On the first day of class, students wrote a brief essay, which I evaluated based on a rubric. This essay revealed that most of my Chinese students were competent writers and two of them were really excellent, while three needed serious help with their writing. I was concerned that the students with poor language skills would get very little benefit from a peer-review group in which they struggled to understand others and to be understood.

Therefore, for the first round of peer review, I assigned students to groups, making sure that each group contained at least one very strong writer. I took special care with the three struggling Chinese students, assigning them to groups that included a very strong Chinese writer. This worked fairly well, because the stronger Chinese students were able to provide understandable feedback to the struggling writers.

For later peer review sessions, I sometimes assigned groups randomly. This worked less well. Several of the groups functioned effectively and provided useful feedback, but the Chinese students who most needed help didn't always get it. Some students were willing to put in the effort required to get across the language divide, while others were not.

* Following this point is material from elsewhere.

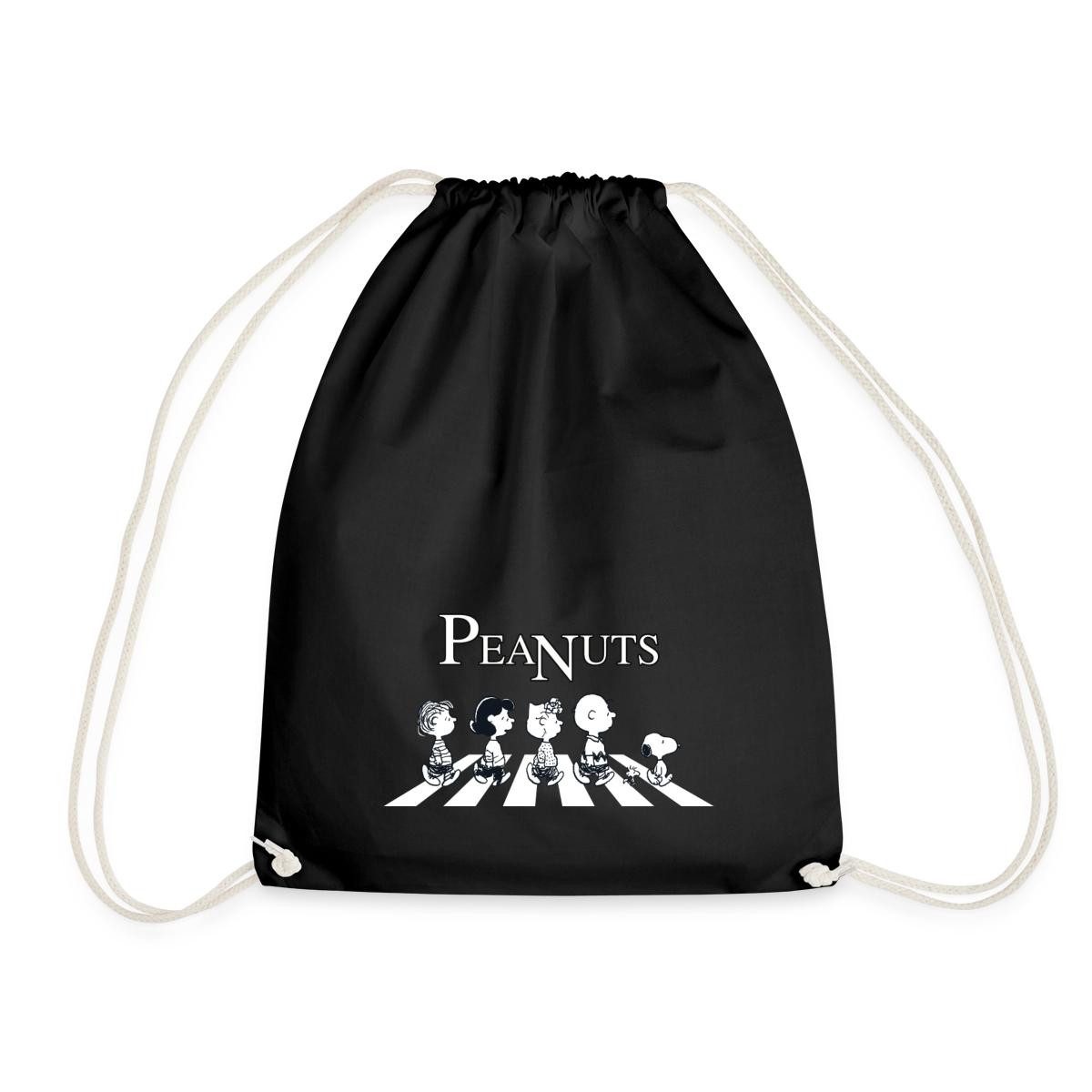 Spreadshirt Turnbeutel Peanuts and Friends Abbey Road Turnbeutel (1-tlg)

At the end of the semester, I allowed students to select their own groups, with entirely predictable results: the football-players group, the smart-girls group, the quiet-guys group, and two groups of Chinese students. By this point in the semester everyone's peer review skills had improved, so the groups worked fairly well. It did sound odd to hear peer review being conducted in two different languages.

Based on this experience, I will continue to assign groups early in the semester and loosen up later, after students' peer-review skills have improved. I have also been conferring with our ESL people, as I have another class next semester with a large group of foreign students. I welcome suggestions.

Oh, and the three struggling students? One passed the class; one missed more than half of the class sessions and did not pass; and a third came very close to passing but will have to take it again.

Dr. Lisa said...

I always have them pick the peers they want to read their material. Hmmm. Perhaps that is not a good way to do it.

Jane Dark said...

Bardiac's system for setting up peer reviews is remarkably similar to the way that I set up mine, but I haven't done the peer review grading in that way before, and I think I might use it next quarter.

Sometimes, though I do things slightly differently, and alternate between choosing groups for the students and letting them choose their own groups. The key to making this work well seems to be that I use a lot of small group discussion (3-4 people) in a prelude to full class discussion -- and because they've been talking over the ideas with those people, they usually feel comfortable being reviewed by and reviewing them (pardon my bad syntax).

To a certain degree, this puts friends together. But with the right class of energetic people, I don't have a problem with that. It tends to lead to a pair of friends with a pair of friends -- but in the end, all four get to know each other better and become better editors for each other.

kermitthefrog said...

Thanks for all the input, folks - I know I'll be using some of these ideas next semester.